Interiores, viviendas y ambientes rurales

Por lo demás, he sido capaz de agrupar la obra de Edward Hopper en tres categorías. Por un lado, interiores y ambientes urbanos; en segundo lugar, viviendas; y por último ambientes rurales. Con todas estas claves es posible traducir mejor los demás cuadros del maestro norteamericano.

1.          Interiores y ambientes urbanos
La soledad, el aburrimiento, el vacío existencial... son comunes a los interiores que pinta Edward Hopper. En habitaciones de hotel, en las recepciones de los mismos, en dormitorios particulares, en compartimentos de tren, en los lugares de trabajo en los que tanto tiempo envejecemos... Son todos ellos escenarios propios de las urbes, pero también del estilo de vida moderno.








2.          Viviendas

      Las viviendas son otro de los motivos que Edward Hopper emplea para describir pictóricamente la época en la que vive, el sueño americano. Un sueño, por cierto, del que el maestro es capaz de atisbar un horizonte incierto para su patria y su cada vez más enfermiza forma de vivir.

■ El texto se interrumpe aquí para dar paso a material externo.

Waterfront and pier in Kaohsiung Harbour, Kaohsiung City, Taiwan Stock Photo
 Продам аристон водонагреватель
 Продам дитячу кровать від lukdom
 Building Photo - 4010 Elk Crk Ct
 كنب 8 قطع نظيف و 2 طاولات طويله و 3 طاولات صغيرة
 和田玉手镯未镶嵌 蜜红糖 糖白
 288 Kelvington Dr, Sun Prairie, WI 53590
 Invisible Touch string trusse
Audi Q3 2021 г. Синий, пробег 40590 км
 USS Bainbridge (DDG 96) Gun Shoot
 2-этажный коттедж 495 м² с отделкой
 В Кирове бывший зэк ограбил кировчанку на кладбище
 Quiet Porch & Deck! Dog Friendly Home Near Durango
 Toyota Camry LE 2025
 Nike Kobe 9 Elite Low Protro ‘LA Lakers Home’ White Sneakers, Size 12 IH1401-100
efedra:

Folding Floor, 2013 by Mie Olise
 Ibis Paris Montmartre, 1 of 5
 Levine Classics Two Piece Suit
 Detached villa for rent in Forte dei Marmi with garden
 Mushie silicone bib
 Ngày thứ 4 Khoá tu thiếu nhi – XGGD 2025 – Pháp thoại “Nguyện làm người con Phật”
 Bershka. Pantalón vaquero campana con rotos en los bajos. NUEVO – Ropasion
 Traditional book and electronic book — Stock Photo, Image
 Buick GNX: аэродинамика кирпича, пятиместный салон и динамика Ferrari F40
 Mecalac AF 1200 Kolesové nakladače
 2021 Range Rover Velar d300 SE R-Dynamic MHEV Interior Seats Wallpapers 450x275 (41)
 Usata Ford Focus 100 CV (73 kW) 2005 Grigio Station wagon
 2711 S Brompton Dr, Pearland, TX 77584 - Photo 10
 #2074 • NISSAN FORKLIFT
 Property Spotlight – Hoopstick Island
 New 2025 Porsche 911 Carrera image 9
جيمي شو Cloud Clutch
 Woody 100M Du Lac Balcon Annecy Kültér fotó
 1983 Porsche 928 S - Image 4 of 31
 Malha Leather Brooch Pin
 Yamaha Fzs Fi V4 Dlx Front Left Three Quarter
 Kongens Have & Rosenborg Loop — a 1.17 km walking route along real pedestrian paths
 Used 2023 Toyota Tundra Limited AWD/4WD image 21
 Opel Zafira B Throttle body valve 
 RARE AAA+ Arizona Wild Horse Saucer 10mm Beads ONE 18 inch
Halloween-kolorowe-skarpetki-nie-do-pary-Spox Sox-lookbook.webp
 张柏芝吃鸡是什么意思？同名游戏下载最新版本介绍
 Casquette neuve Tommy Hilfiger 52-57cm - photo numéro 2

3.           Ambientes rurales

      Los ambientes rurales son piezas magníficas en la producción de Edward Hopper. En ellos puede apreciarse una calma que no es tal. No creo excederme si digo que esos escenarios bucólicos esconden algo inquietante. La naturaleza, pues, encubre amenazas en las ciudades y también más allá de ellas.






      Finalmente, Edward Hopper es ante todo el pintor de una sociedad que vive en un sueño, en una especie de paraíso; pero que encierra en sí mismo una serie de peligros que amenazan al hombre que pace en él. El artista señala por tanto las apariencias o las ilusiones en las que vive su propia sociedad, pero me pregunto si sus compatriotas no sabían en aquella fecha que el paraíso terrenal es una utopía y que, evidentemente, ellos al menos vivían por encima de las demás naciones de la tierra. Al menos materialmente. Y era legítimo que se sintieran orgullosos de lo que habían construído desde su aventura colonial, con todas sus sombras, manchas y vergüenzas.